By Steve Silverman
» More Columns
The New York Rangers appeared to be in way over their heads against the Pittsburgh Penguins, at least when it came to individual matchups in the series.
Alain Vigneault could align his players any way he wanted, but it still came down to stopping — or at least slowing down — the likes of Sidney Crosby, Evgeni Malkin, James Neal, Chris Kunitz, Kris Letang and Brandon Sutter.
Go down the Rangers roster, and Vigneault couldn’t match up and come out ahead.
Perhaps the Chicago Blackhawks or the Anaheim Ducks had the talent to compete with the Penguins, but that’s about it in the NHL.
But the Penguins haven’t been at their best in the postseason since 2009, when they defeated the Detroit Red Wings in a classic seven-game series and won the only Stanley Cup that Crosby and Malkin have ever lifted.
The game of hockey is not just about talent. Emotion comes into play in the NHL perhaps more than it does in any other sport. The Rangers had plenty of it in their final three games against the Penguins, and that surge helped light the fuse for an amazing comeback victory in the series.
It certainly didn’t look like the Rangers had a prayer after four games, and that’s when Marty St. Louis got the heart-rending news that he had lost his mother.
Tragedy does not wait until the end of a playoff series to strike. It kicked St. Louis when he was down, but he refused to let it defeat him.
Instead, he used the memory of his mother to help inspire him to play the best hockey he could from that point forward. His teammates were not about to let him go it alone, either.
When they went back to Pittsburgh for Game 5 — and what should have been the wipeout game of the series — the Rangers played with passion, fervor and abandon. Those factors had been missing in the games at Madison Square Garden, and they were able to dominate with a 5-1 victory.
Derick Brassard scored two goals to lead the way, and suddenly the Rangers had life. If they could overwhelm the Penguins on their home ice, surely they could come up with a decent effort at home in Game 6.
It wasn’t always pretty, but the Rangers jumped out early in that game on goals by St. Louis and Carl Hagelin. The Penguins would blunt that early momentum when Sutter scored later in the first period, but that’s all they would get.
Henrik Lundqvist frustrated Crosby, Malkin, Neal and Kunitz at every turn and the Rangers squared the series.

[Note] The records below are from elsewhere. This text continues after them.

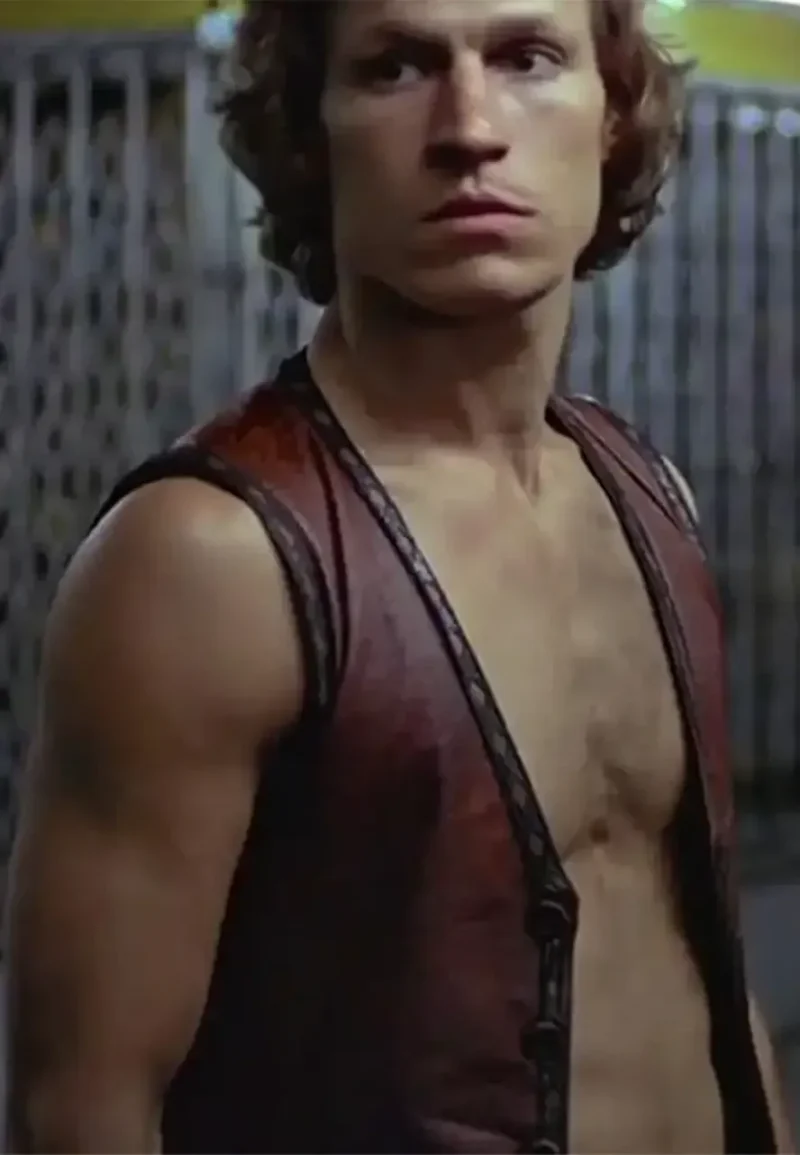 the warriors james remar leather vest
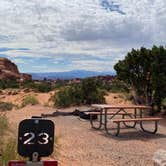Review photo of Devils Garden Campground — Arches National Park by Cheri H., August 29, 2020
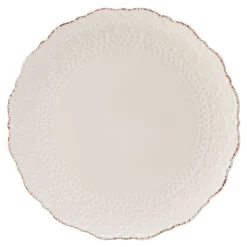 Dinner Plates|Pfaltzgraff® Chateau Cream Set of 4 Dinner Plates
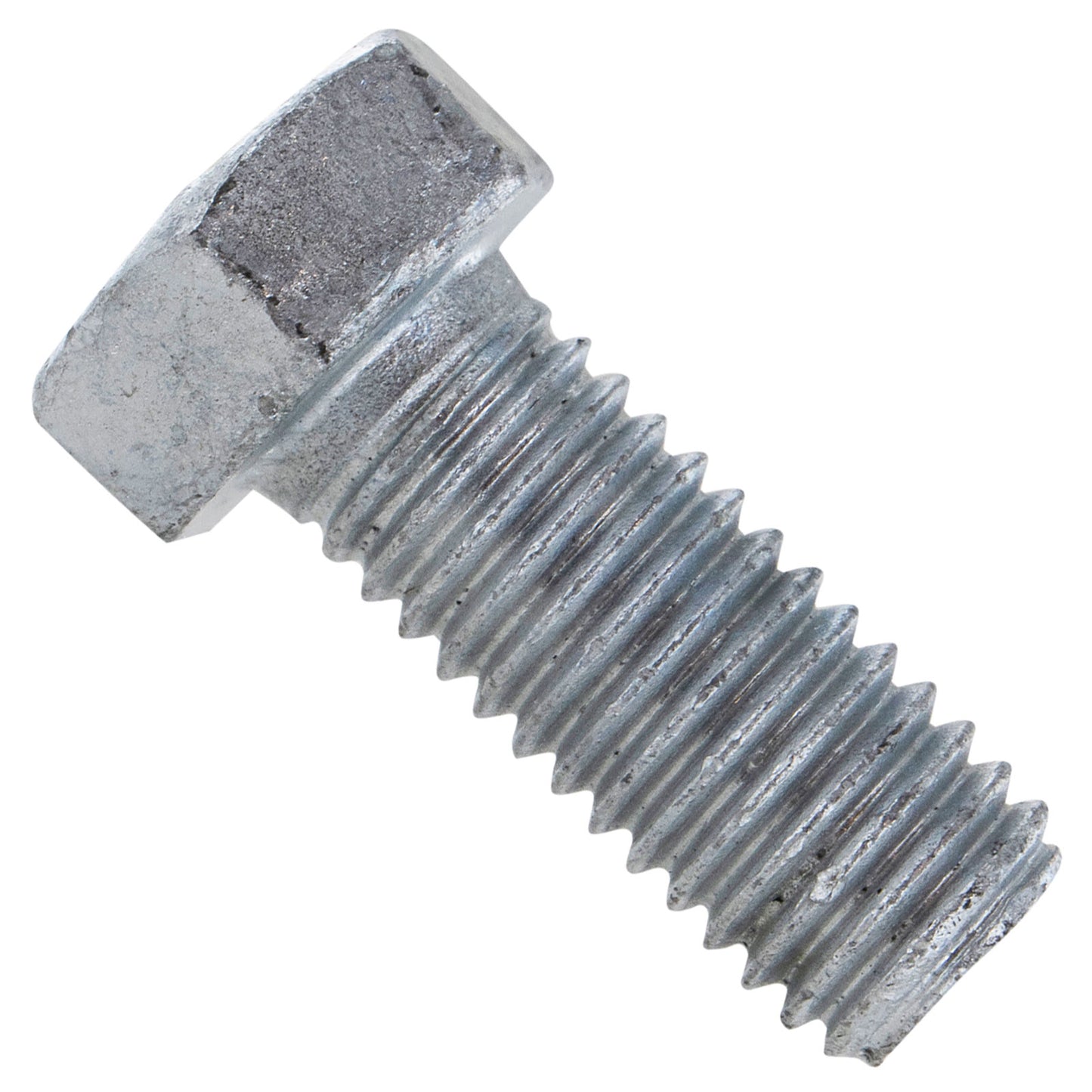 1/2"-13 x 1-1/4" Conquest A307 Grade A Fully Threaded Hex Bolt - Hot Dip Galvanized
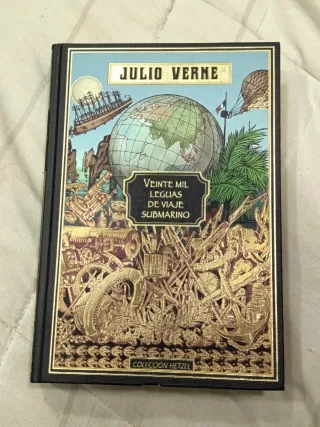 Veinte mil leguas de viaje submarino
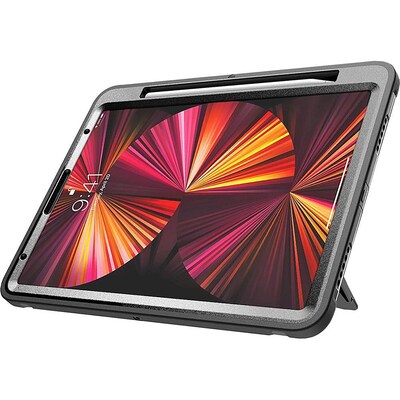 SaharaCase Protection Hand Strap Series Case for Apple iPad Pro 11" (2nd, 3rd, and 4th Gen 2020-2022), Black (TB00016)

The Penguins had an eerie feeling as they took the ice at home for Game 7. In the previous four years they had been upset by lower-seeded teams. They had been swept by the Bruins, embarrassed by the Flyers, taken out by the Lightning and drummed by the Canadiens.
Past failures were swimming around in their heads — particularly the heads of Crosby, goalie Marc-Andre Fleury and head coach Dan Bylsma.
That’s what gave the Rangers an advantage coming into this game. They had Lundqvist, who has known nothing but success in Game 7s, and they also had Brad Richards, who was 6-0 in Game 7s throughout his career.
Was it really a surprise that Lundqvist held the Pens to one goal and that Richards scored the winner in a 2-1 game?
Was it really a shocker that Fleury let the Rangers back into the series and that Crosby scored just one goal in the playoff season?
The answers to all of those questions is no, and in resounding fashion.
The Rangers have very little history with St. Louis, as he joined them late in the regular season as a trade-deadline acquisition. However, they did not let a factor like time keep them from embracing him and helping him through his difficult moment.
The Rangers rose to the occasion and beat a more talented opponent. They will sit and wait for Boston or Montreal to emerge as their opponents in the Eastern Conference finals.
Who’s to say the Rangers won’t be able to come up with an answer for either one of those teams?
They are a dangerous, hungry and emotional team. Sometimes, that’s enough.